The tide was up in the Beaulieu River, offering reflections of Beaulieu Palace House
and of private houses.
Along Rollestone Road the ancient and modern meet in the forms of ponies grazing freely on historic moorland and the towers of Fawley Power Station.
We arrived at Calshot shortly before sunset. The tide had ebbed; buoys were beached,
and large vessels glided past,
towards the low sun that lit the beach huts’ verandas.
Swirling clouds splashed around the western sun
while, to the east, smooth water reflected its effects.
Parked boats were mirrored in pools on the quayside.
Shallow water glistened
as did the windows of Houston House
which bears this plaque.
Wikipedia tells us that:
‘The Coupe d’Aviation Maritime Jacques Schneider, commonly called the Schneider Trophy or Schneider Prize (sometimes incorrectly referred to as the Schneider Cup, a different prize), was a trophy awarded annually (and later, biannually) to the winner of a race for seaplanes and flying boats. The Schneider Trophy is now held at the Science Museum, South Kensington, London.

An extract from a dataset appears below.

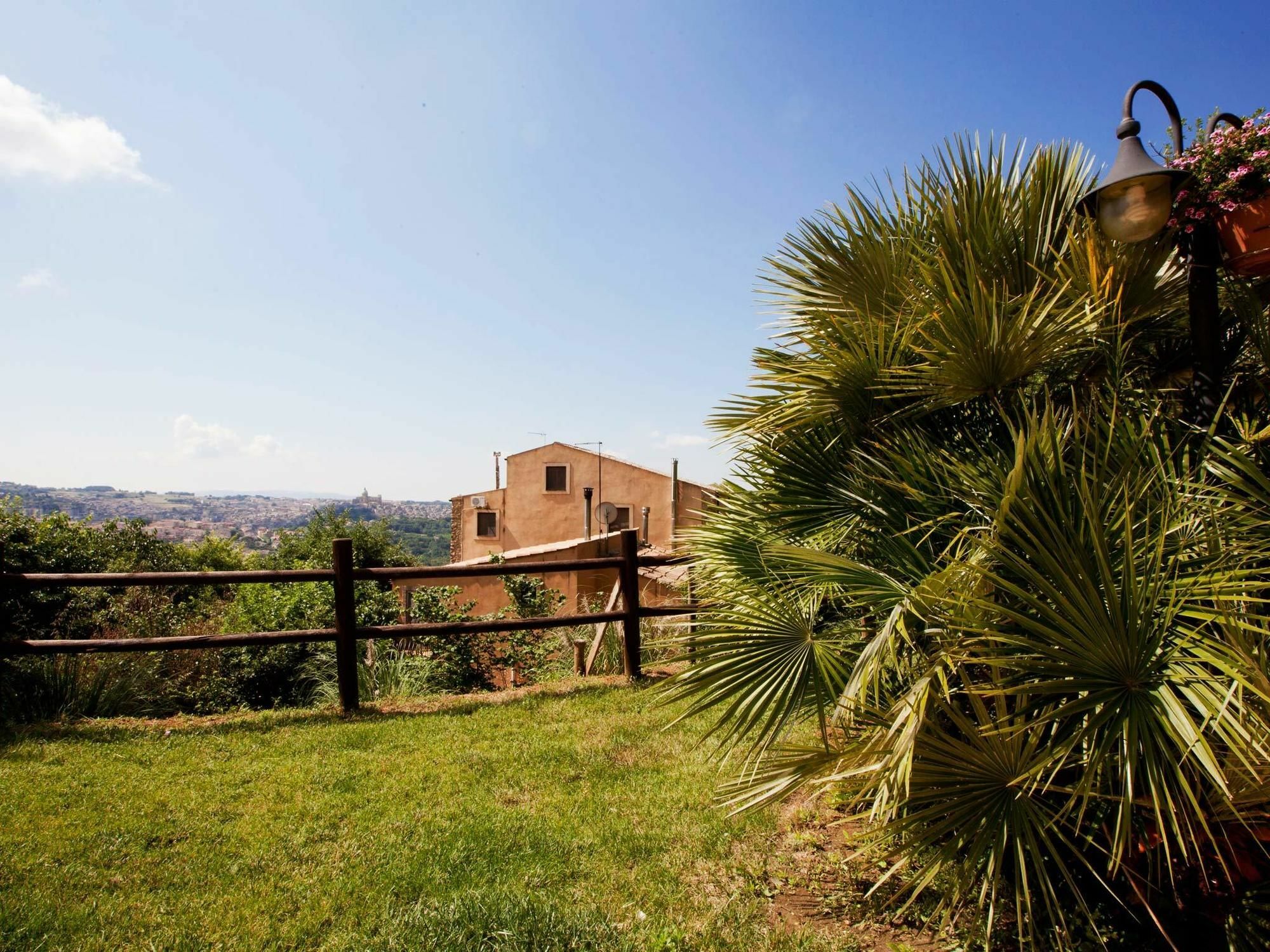 Torre Di Renda Guest House Piazza Armerina Bagian luar foto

Announced in 1912 by Jacques Schneider, a French financier, balloonist and aircraft enthusiast, the competition offered a prize of approximately £1,000. The race was held twelve times between 1913 and 1931. It was intended to encourage technical advances in civil aviation but became a contest for pure speed with laps over a (usually) triangular course (initially 280 km, later 350 km). The contests were staged as time trials, with aircraft setting off individually at pre-agreed times, usually 15 minutes apart. The contests were very popular and some attracted crowds of over 200,000 spectators. An earlier trophy, also presented by Jacques Schneider in 1910, in France, was the Schneider Cup, which is now in the possession of the RAF College Cranwell.’

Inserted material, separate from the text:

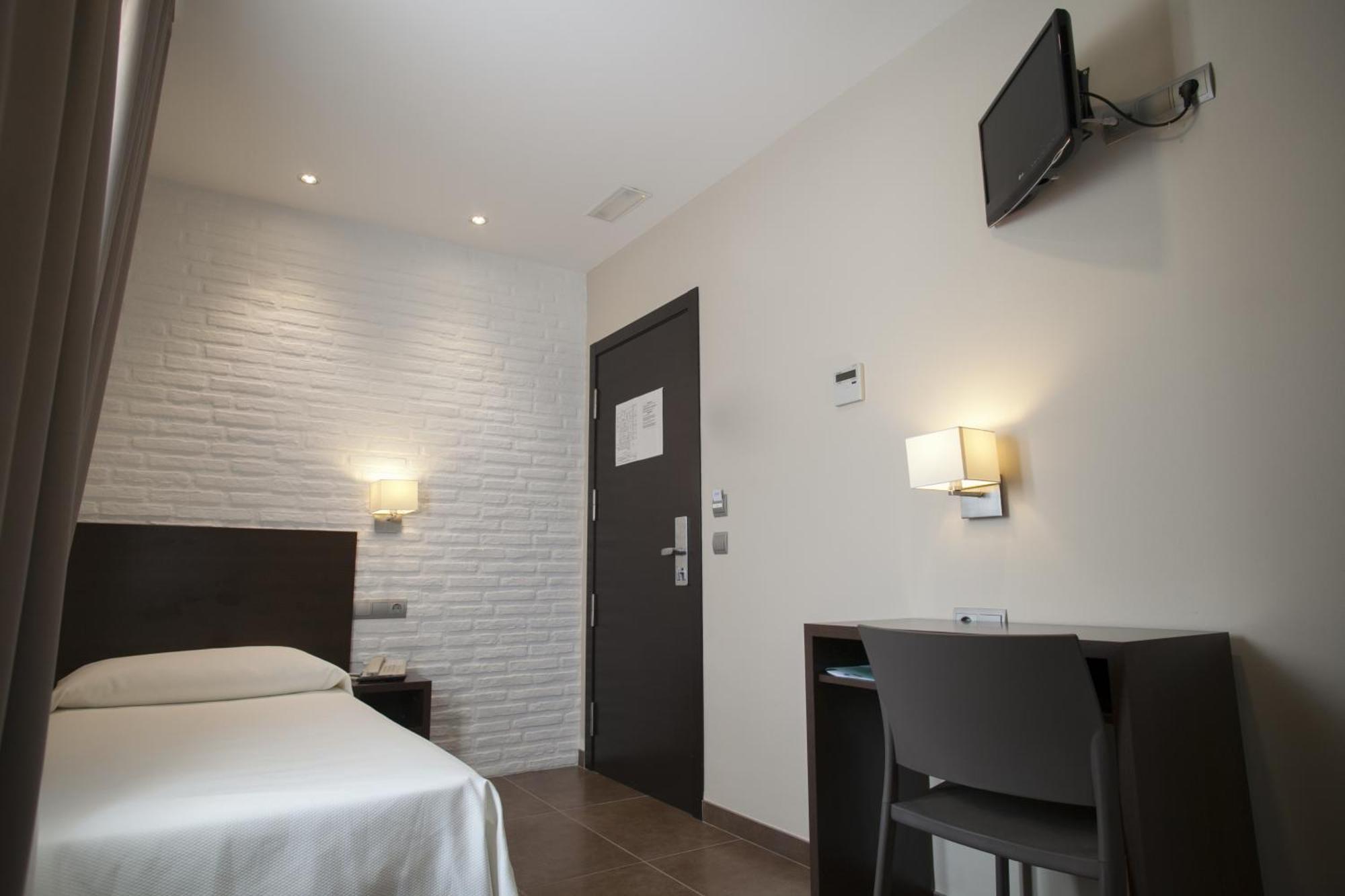 Hotel Restaurante El Corte Casabermeja Habitación foto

‘In 1931 the British government withdrew support, but a private donation of £100,000 from Lucy, Lady Houston, allowed Supermarine to compete and win on 13 September against only British opposition, with reportedly half a million spectators lining the beachfronts. The Italian, French, and German entrants failed to ready their aircraft in time for the competition. The remaining British team set both a new world speed record (610 km/h (380 mph)) and won the trophy outright with a third straight win. The following days saw the winning Supermarine S.6B further break the world speed record twice, making it the first craft to break the 400 mph barrier on 29 September at an average speed of 655.8 km/h (407.5 mph).’
As the sun gravitated towards
A jet trail pierced the indigo backcloth,
and the palette introduced red pigments
across the firmament;
finally dipping into the stream running alongside Jack Maynard Road.
This evening, for dinner, we enjoyed Jackie’s splendid beef and mushroom pie; boiled potatoes, carrots and cabbage, with which I drank more of the madiran.